Ho letto il manifesto delle sardine: che delusione. Dicono di credere nella politica e non ne danno una definizione, non fanno un singolo riferimento a una qualsiasi teoria, dottrina o precedente, non spiegano i loro valori di riferimento. Sanno solo dire ciò che “amano”, che in politica è proprio un verbo sbagliato in quanto non esprime un’opinione, che può essere discussa o argomentata, bensì un sentimento soggettivo e del quale non est disputandum. E cosa amano? “Amiamo la non violenza verbale e fisica”, frase senza senso sia perché la non violenza programmatica è una resa senza condizioni al potere, sia perché, eventualmente, la non violenza la si pratica, mica la si ama. “Amiamo le cose divertenti e la bellezza", senza precisare cosa siano e senza prevenire l’ovvio sospetto di edonismo consumista e di passiva accettazione dei criteri estetici dettati dalla pubblicità.

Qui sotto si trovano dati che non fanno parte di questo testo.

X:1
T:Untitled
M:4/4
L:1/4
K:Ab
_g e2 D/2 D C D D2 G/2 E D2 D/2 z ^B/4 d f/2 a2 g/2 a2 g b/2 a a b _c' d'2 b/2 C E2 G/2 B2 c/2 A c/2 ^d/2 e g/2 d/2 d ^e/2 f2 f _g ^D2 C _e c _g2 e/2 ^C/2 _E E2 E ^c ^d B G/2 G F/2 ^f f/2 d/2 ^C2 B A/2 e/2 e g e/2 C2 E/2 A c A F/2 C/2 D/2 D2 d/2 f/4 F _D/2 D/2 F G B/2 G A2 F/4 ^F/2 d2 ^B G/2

Che linguaggio banale, superficiale, approssimativo: “cerchiamo di impegnarci nel nostro lavoro, nel volontariato, nello sport, nel tempo libero”; ma dài, e chi non lo fa? E poi, davvero dedicarsi allo sport e al tempo libero sarebbe un “impegno”? Ma si capisce, dietro ci sono decenni di berlusconismo e, quasi peggio, di finto antiberlusconismo liberal. Che delusione: questi sono girotondini in ritardo di vent’anni, indiani metropolitani in ritardo di quaranta, figli dei fiori fuori tempo massimo, nel senso che almeno quelli originali scandalizzavano i borghesi, oggi i loro atteggiamenti sono di moda, parte integrante della deriva individualista gradita alle multinazionali.

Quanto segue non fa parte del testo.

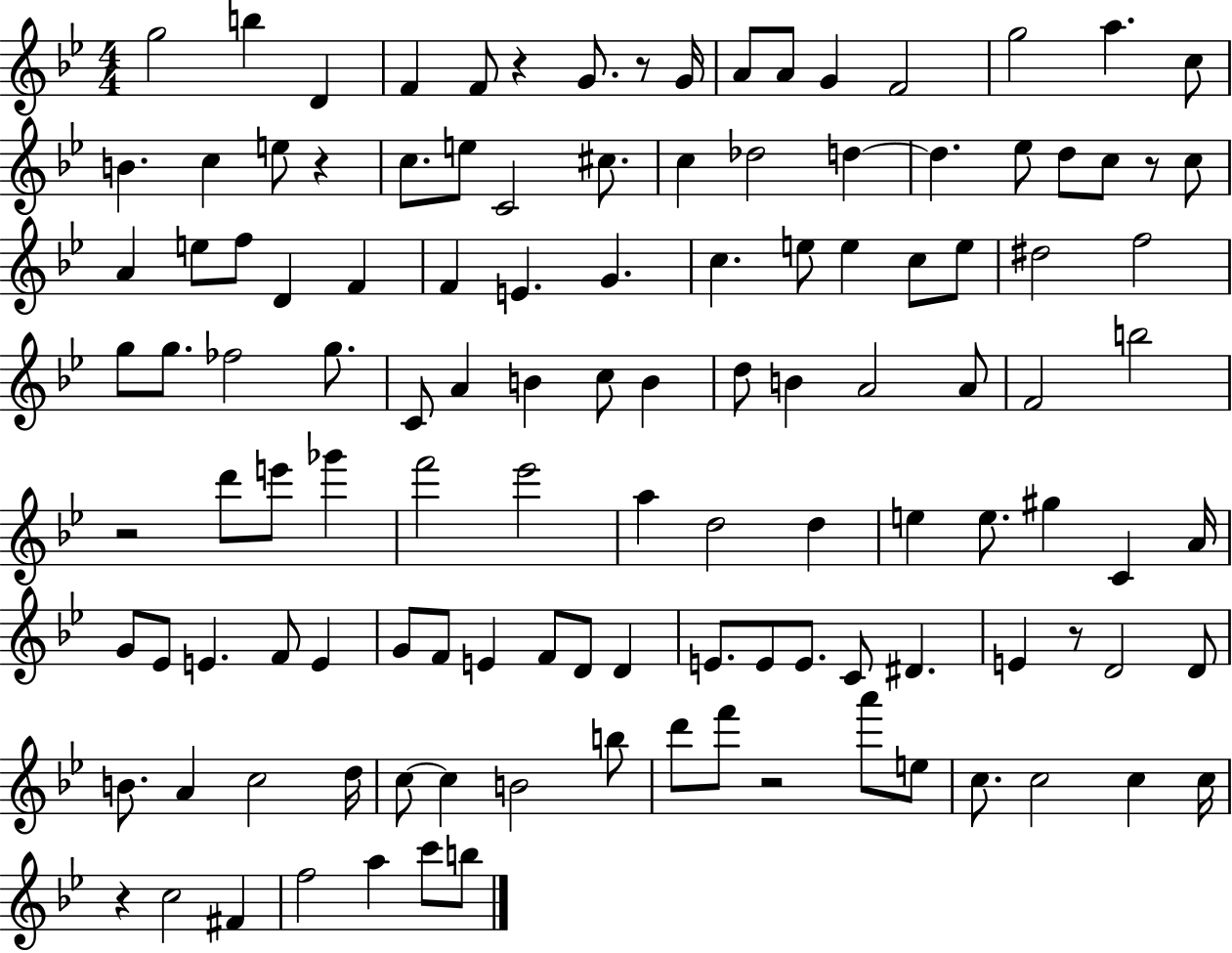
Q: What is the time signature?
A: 4/4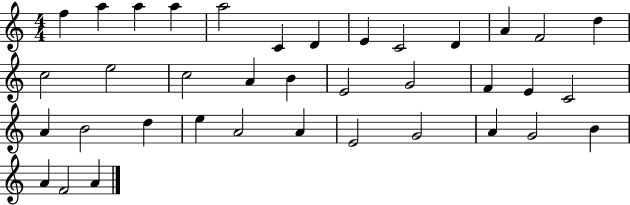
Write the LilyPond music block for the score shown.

{
  \clef treble
  \numericTimeSignature
  \time 4/4
  \key c \major
  f''4 a''4 a''4 a''4 | a''2 c'4 d'4 | e'4 c'2 d'4 | a'4 f'2 d''4 | \break c''2 e''2 | c''2 a'4 b'4 | e'2 g'2 | f'4 e'4 c'2 | \break a'4 b'2 d''4 | e''4 a'2 a'4 | e'2 g'2 | a'4 g'2 b'4 | \break a'4 f'2 a'4 | \bar "|."
}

L’unico punto chiaro di questo manifesto è l’opposizione al populismo: “Cari populisti, la festa è finita”. Nessun tentativo di capire, nessuna analisi della dittatura planetaria del neocapitalismo, nessuna denuncia degli immensi danni che sta causando all’ambiente, alle comunità, ai ceti più deboli, alle culture; neanche il minimo sospetto che dietro la demagogia di squallidi personaggi come Salvini o Trump possano però esserci reali abusi e giustificate paure di un futuro dominato esclusivamente dal denaro e dalle nuove tecnologie. No, per le sardine l’unico problema è che i populisti “buttano tutto in caciara” e spingono i loro seguaci “a insultare e distruggere la vita delle persone sulla rete”. Che pena: un chiacchiericcio da movida o da talk show di bassa qualità.

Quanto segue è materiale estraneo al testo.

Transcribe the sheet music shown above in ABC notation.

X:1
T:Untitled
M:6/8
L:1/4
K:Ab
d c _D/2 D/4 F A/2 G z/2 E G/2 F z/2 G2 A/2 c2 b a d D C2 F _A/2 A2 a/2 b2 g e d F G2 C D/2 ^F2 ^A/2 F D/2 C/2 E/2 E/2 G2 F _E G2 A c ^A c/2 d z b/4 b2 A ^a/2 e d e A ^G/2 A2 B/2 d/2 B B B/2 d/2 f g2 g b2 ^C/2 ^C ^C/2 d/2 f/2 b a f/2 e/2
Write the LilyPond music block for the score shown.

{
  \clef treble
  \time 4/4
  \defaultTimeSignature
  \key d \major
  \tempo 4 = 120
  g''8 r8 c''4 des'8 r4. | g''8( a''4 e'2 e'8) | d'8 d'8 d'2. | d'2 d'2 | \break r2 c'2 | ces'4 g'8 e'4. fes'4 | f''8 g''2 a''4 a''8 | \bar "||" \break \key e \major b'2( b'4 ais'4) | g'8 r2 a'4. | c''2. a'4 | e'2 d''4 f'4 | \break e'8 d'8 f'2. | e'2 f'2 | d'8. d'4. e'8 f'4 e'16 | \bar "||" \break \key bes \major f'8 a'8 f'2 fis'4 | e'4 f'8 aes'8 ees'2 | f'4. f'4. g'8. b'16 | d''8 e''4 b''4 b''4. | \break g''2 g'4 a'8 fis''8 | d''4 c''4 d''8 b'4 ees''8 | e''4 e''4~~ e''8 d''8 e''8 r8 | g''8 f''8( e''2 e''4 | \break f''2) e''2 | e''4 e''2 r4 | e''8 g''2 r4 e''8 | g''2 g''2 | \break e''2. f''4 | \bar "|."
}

È comunque la questione fondamentale. In assenza di qualsiasi altro contenuto, resta questo uso fazioso della parola “populista”. Le sardine danno per scontato che sia un insulto: lo sanno che Bernie Sanders definisce sé stesso un "new populist"? lo sanno che il New York Times attacca quotidianamente i manifestanti cileni, i gilets jaunes, i venezuelani e boliviani che resistono ai golpe amerikani appunto accusandoli di populismo? Se non lo sanno, prima di scrivere e parlare dovrebbero informarsi; per evitare di dar vita a un movimento-civetta che miri a confondere la gente e a promuovere l'ideologia profonda del liberismo globalista.